Miled et al. [50] proposed an analytical approach based on HMMs for the recognition of Tunisian town names. They integrate the notion of PAW in their system. They grouped letters with the same body but different diacritics to “solve” the problem of diacritic detection and classification.

Hybrid-Level Classifiers: By combining different strategies, it is possible to come near to the principle of reading – the analysis must be global for a good synthesis of information, while being based on local information that are suitable to make this information emerged [26, 62]. Such an approach combination allows us to better see how a person reads, which is to first analyze global word shapes, and search for local information only to discriminate ambiguous cases. As local-based approaches gather local information up to words, they could be hybrid ones.
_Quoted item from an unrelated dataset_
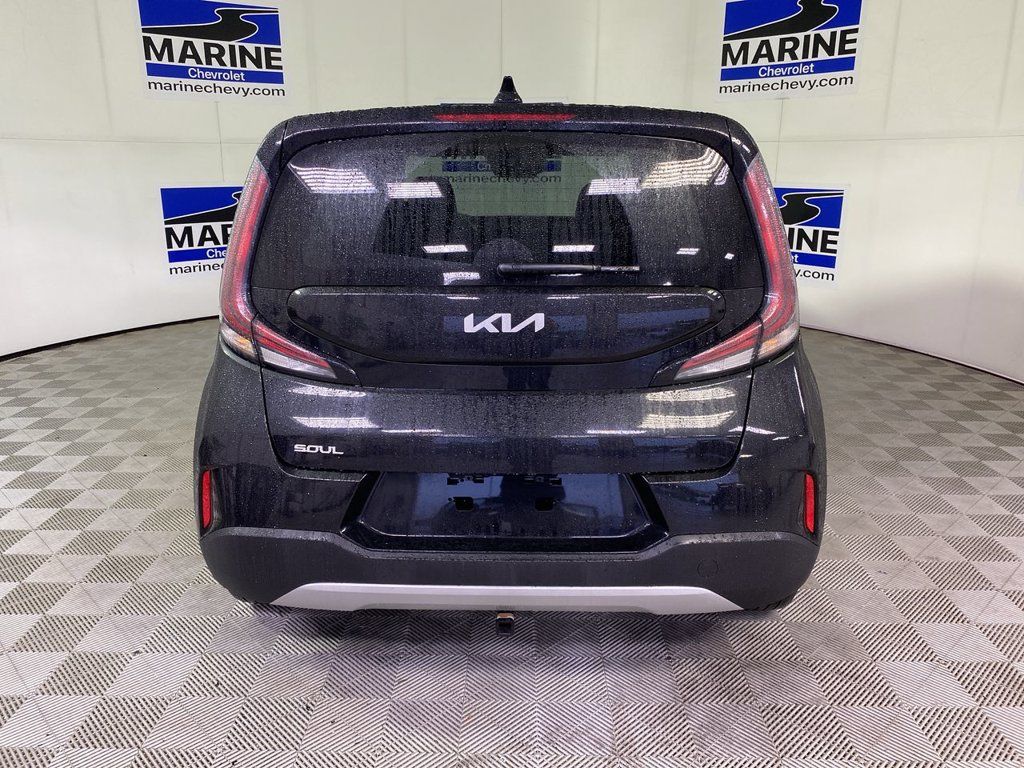 Used 2024 Kia Soul LX FWD image 17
An important difference that exists between the two approaches is that hybrid approaches attempt a multilevel analysis of the writing, while local-based approaches gather local information.
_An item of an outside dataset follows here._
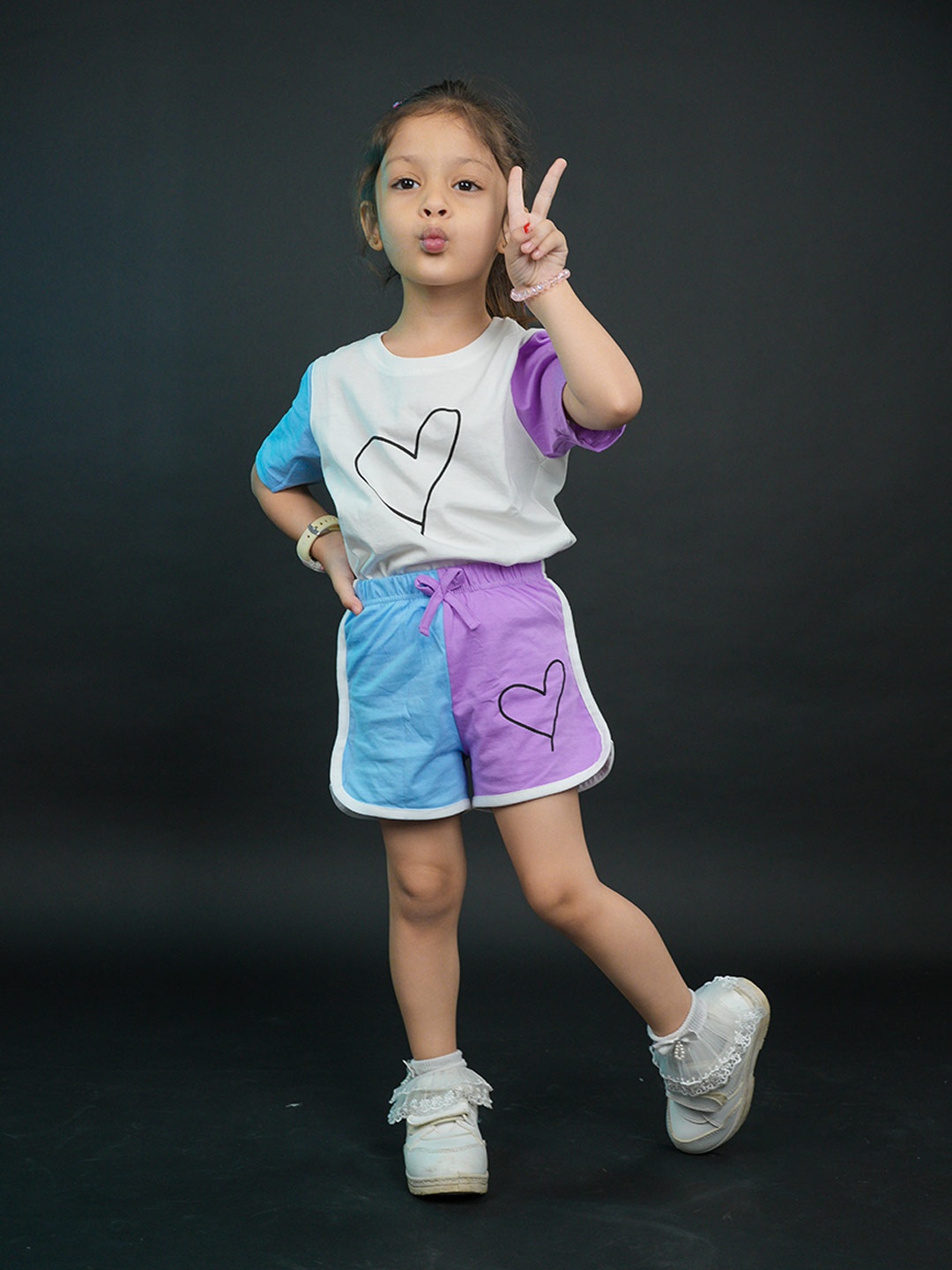 

BE AWARA Kids Colourblocked Pure Cotton Clothing Set, White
Hybrid approaches aim at providing different levels of features and interpretation [63]. Accordingly, Maddouri et al. proposed [62] a combination of global and local models based on a transparent NN (TNN).
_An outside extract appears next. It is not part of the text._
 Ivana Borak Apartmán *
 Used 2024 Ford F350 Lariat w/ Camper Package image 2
Contribution to Natural Language Processing: Usually, NLP is kept as the last step of the recognition system, to be able to correct the errors by providing some considerations stemming from the writing language [25]. Arabic is characterized by a complex morphological structure. It is a highly inflected language where prefixes and suffixes are appended to the stem of a word to indicate tense, case, gender, number, etc. For that reason, it seems that words are not the best lexical units in this case and, perhaps, sub-word units would be a better choice. In the literature, few researches are done in that direction. As mentioned in Cheriet [25], the question of incorporating NLP in a recognition system is a non-resolved problem. Till now, it is not definitely clear where the incorporation of NLP is more profitable for a writing recognition system. Ben Cheikh’s research [19] incorporates the morphology analysis within models which are conceived to collaborate and respectively learn and recognize roots, schemes, and conjugation elements of words.

Table 13.3 categorizes other systems according to the approach, the classifier, the dataset, and the writing style.

Table 13.3 Comparison between techniques

Full size table

Success Clues of the Topic

The successful achievement in any research topic is measured by the number of commercial systems, of distributed databases, and by the number of competitions held in international conferences. This section outlines some of these tell-tale signs of success of research in the Middle Eastern character recognition.

Datasets

Datasets of any printed or handwritten language are the most important part in order to measure accuracy and it gives equally for recognition system design. Table 13.4 lists the existing publicly available datasets that have been used over several years.

Table 13.4 Datasets for Eastern scripts

Full size table

Academic Systems

Since 2005, a series of competitions took place at the important conferences dedicated to document analysis like ICDAR and ICFHR. During these competitions, datasets are fixed and systems are experimented on them. Table 13.5 reports the results of four competitions of Arabic handwritten word recognition systems, from 2005 to 2011. The dataset is limited to IFN/INIT with a selection of this dataset (sets d, e, f_a, f, s). All participating systems were based mainly on hidden Markov models (HMM).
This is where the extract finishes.